Accordingly, when the state of charge of the high voltage battery is at or above the pre-defined upper limit, the engine torque produces more output torque than the output power request, i.e., the engine is producing excess torque, and the engine is operating in the fuel-off disabled condition, i.e., the fuel flow to the engine may not normally be cut-off, then the disclosed method maintains rotation of the engine by driving the engine with torque provided by the electric motor, while preventing the fuel flow to the engine. As such, the operation, i.e., rotation, of the engine is maintained without the engine producing any unnecessary engine torque.
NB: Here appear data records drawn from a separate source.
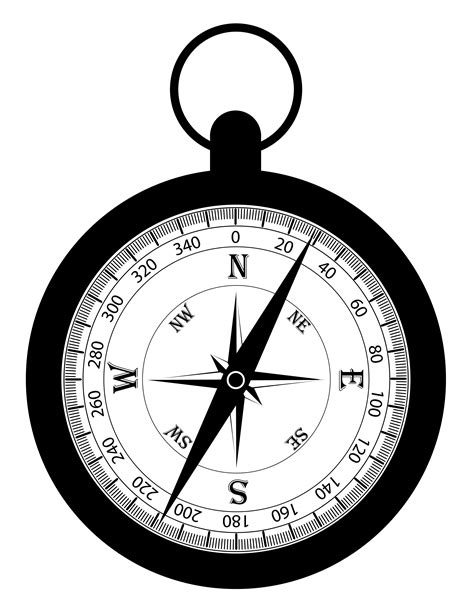 If google maps doesn't calibrate your compass automatically, you must perform a manual calibration. compass old retro vintage icon stock vector illustration - Download Free Vectors, Clipart ...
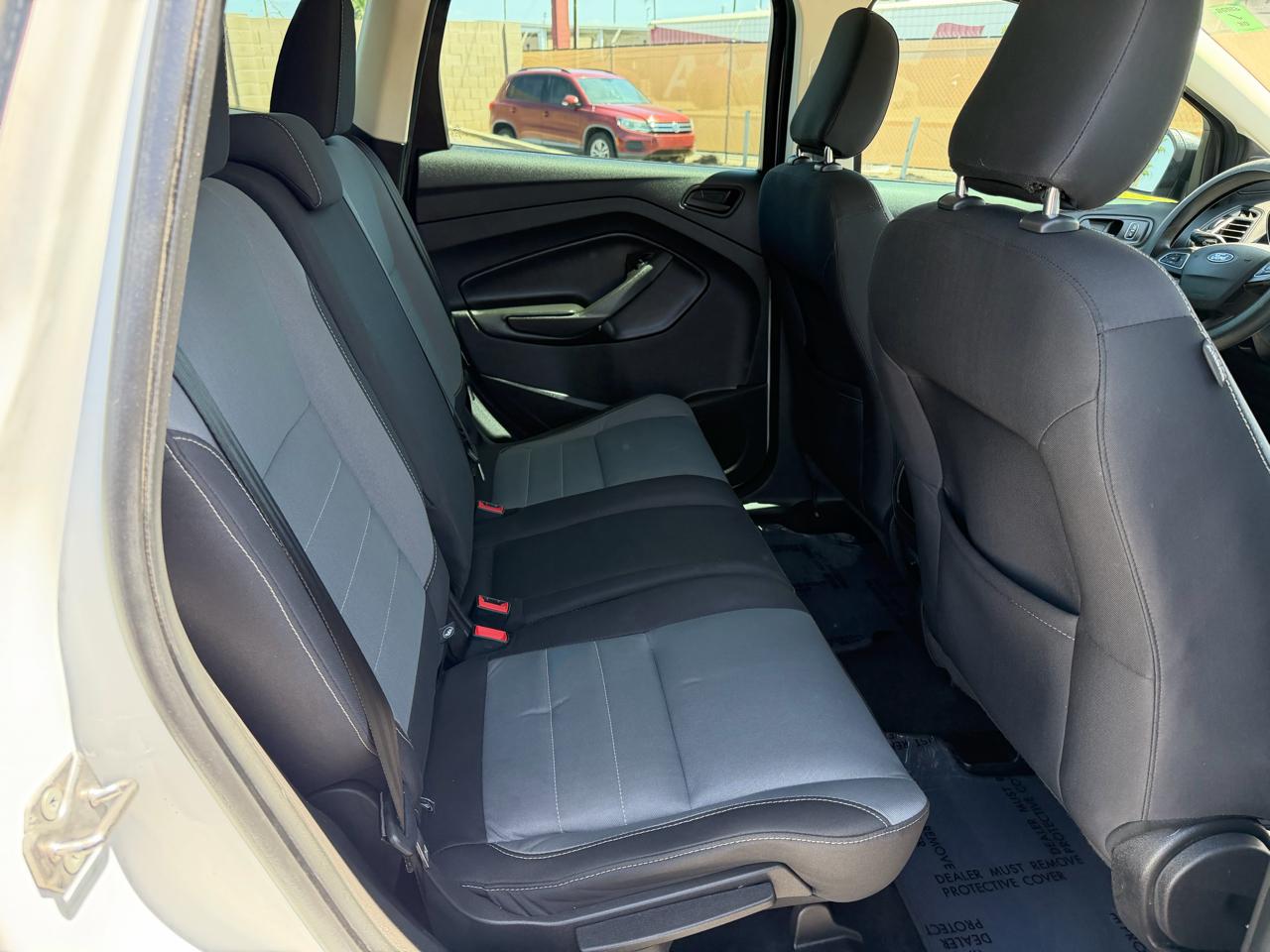 Ford Escape S FWD 2018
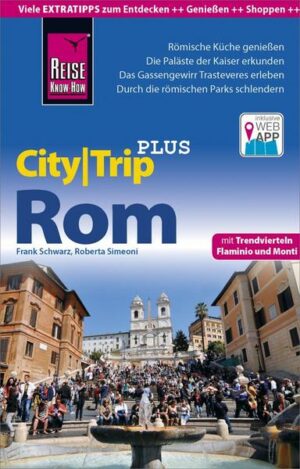 Reise Know-How Reiseführer Rom (CityTrip PLUS)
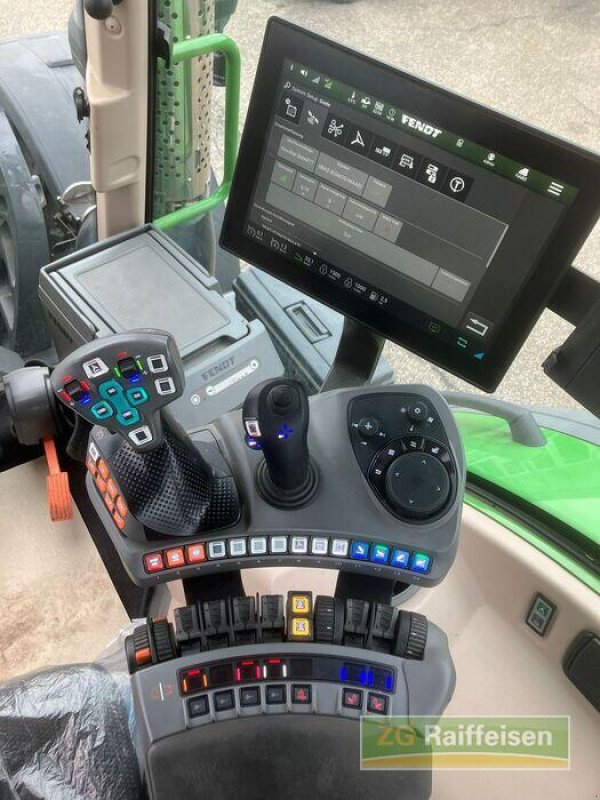 Traktor typu Fendt 728 Vario Gen7, Gebrauchtmaschine v Bühl (Obrázek 15)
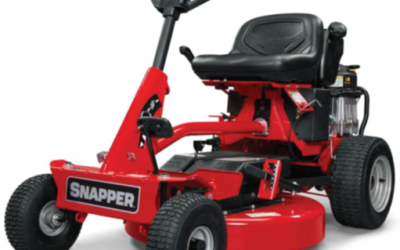 Briggs & Stratton Recalls Snapper Rear Engine Riding Mowers Due to Injury Hazard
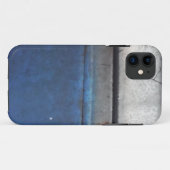 Bight Blue en witte vrachtwagen Case-Mate iPhone Case (Achterkant (horizontaal))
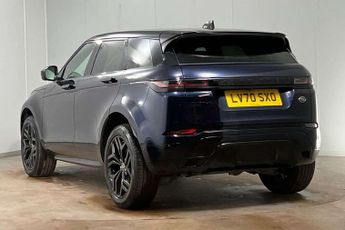 Land Rover Range Rover Evoque 2.0 P250 R-Dynamic SE 5dr Auto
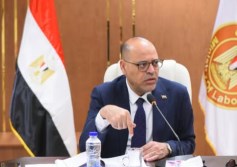 محمد جبران وزير العمل 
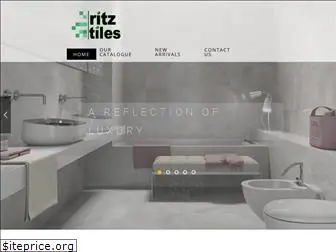 ritztiles.co.za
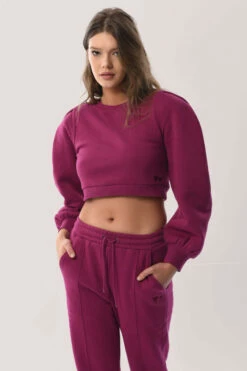 Closet London Pink Smart Sweat Joggers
This stabilizes the operation of the hybrid powertrain and eliminates any output torque spikes, while simultaneously discharging the high voltage battery.
The above features and advantages and other features and advantages of the present invention are readily apparent from the following detailed description of the best modes for carrying out the invention when taken in connection with the accompanying drawings.
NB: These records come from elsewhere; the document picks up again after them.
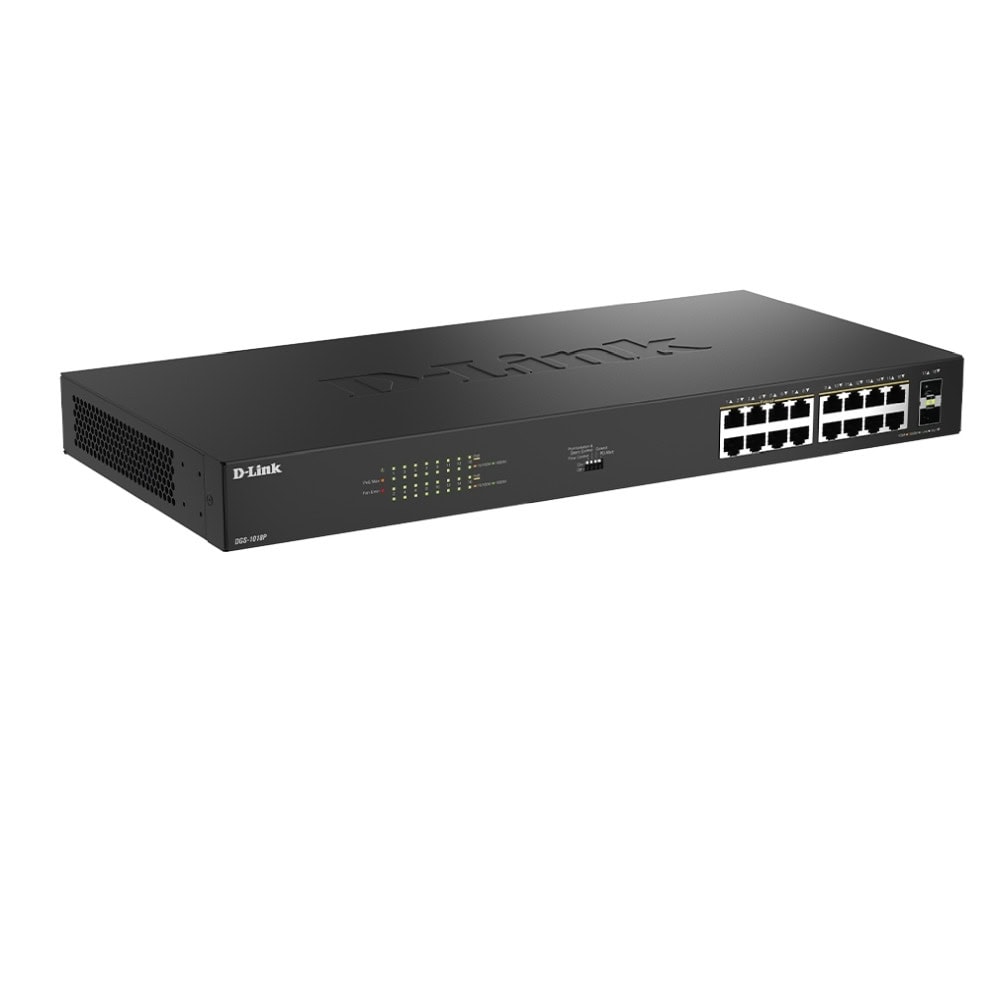 D-Link DGS-1018P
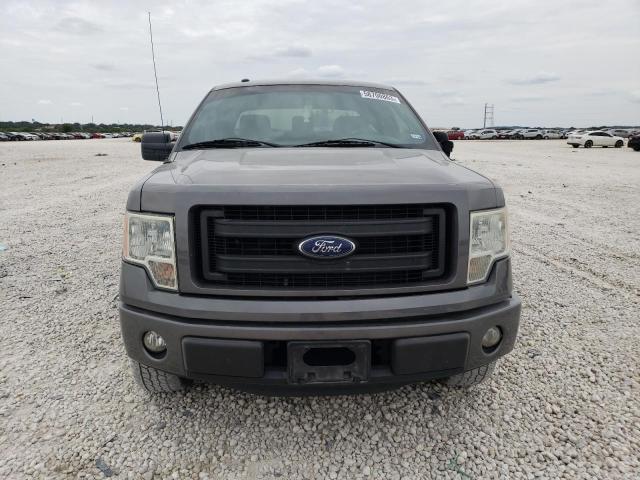 Photo 5 from auction – 2013 FORD F150 SUPER with VIN 1FTFX1CF1DFD00337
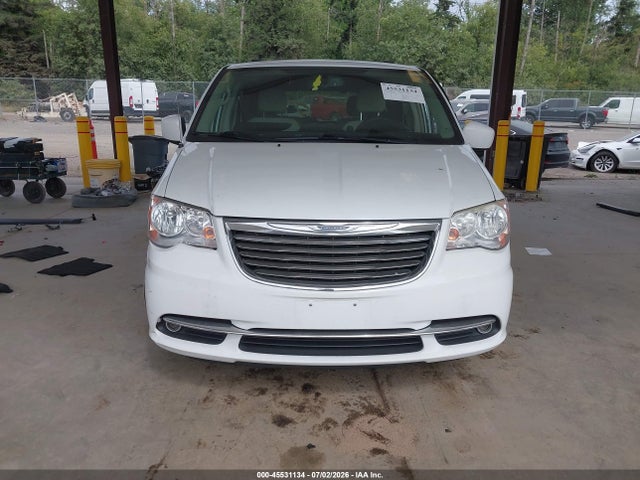 2C4RC1BG0GR223251 Chrysler Town &amp; Country Touring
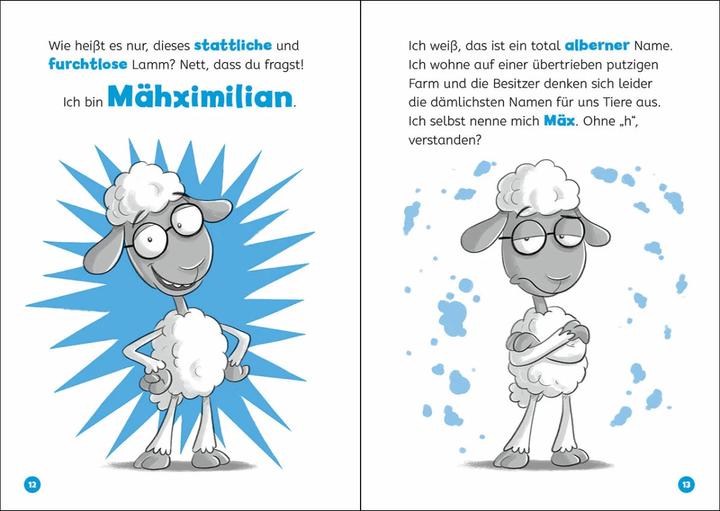 Image du produit Loewe Die Bande vom Lande (Band 1) - Aufruhr im Stall (Allemand, Chris Kennett, Nathan Luff, Ulrich Thiele, 2023)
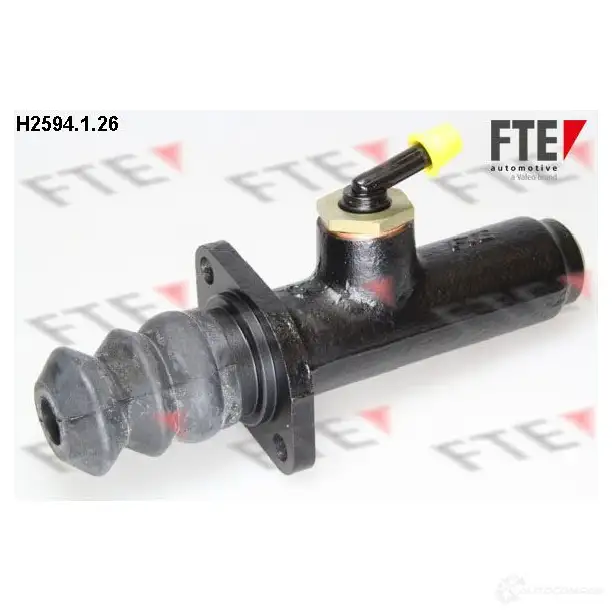 Главный тормозной цилиндр FTE S13 4 SHQNV 610341 H2594.1.26
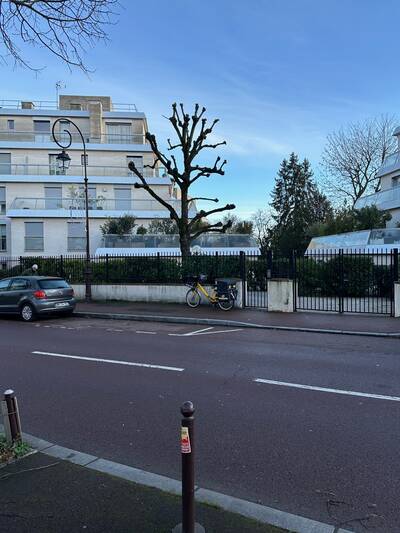 Location appartement studio Saint-Cloud (92210)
BRIEF DESCRIPTION OF THE DRAWINGS

FIG. 1 is flow chart showing a method of operating a hybrid powertrain.

DESCRIPTION OF THE PREFERRED EMBODIMENTS

A method of operating a hybrid powertrain of a vehicle is disclosed. The hybrid powertrain includes an engine, a transmission, an electric motor and a high voltage battery.
The engine preferably includes, but is not limited to, an internal combustion engine. However, the engine may include some other type of engine. The engine is powered by a fuel. The fuel may include, but is not limited to, gasoline or diesel fuel. The internal combustion engine converts the energy stored within the fuel to rotate a crankshaft, which outputs an engine torque as is well known. The specific type, style, size and/or configuration of the engine is not pertinent to the method disclosed. Accordingly, the engine is not described in detail herein.
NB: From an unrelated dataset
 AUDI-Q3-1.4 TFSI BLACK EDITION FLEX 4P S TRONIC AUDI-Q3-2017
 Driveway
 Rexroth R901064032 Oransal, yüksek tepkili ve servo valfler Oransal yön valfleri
The electric motor preferably includes an electric motor/generator, and is coupled to both the engine and the transmission. The electric motor/generator is configured to transfer torque to and from both the engine and the transmission. When operating as an electric motor, the electric motor/generator converts an electric current from the high voltage battery into a motor torque, which is transferred to the transmission to drive the vehicle. When operating as a generator, the electric motor/generator uses at least a portion of the engine torque to generate electricity, which is used to charge the high voltage battery. The electric motor/generator may include any type and/or style of electric motor/generator suitable for use in the hybrid powertrain. The specific type, style, size and/or configuration of the electric motor/generator is not pertinent to the method disclosed. Accordingly, the electric motor/generator is not described in detail herein.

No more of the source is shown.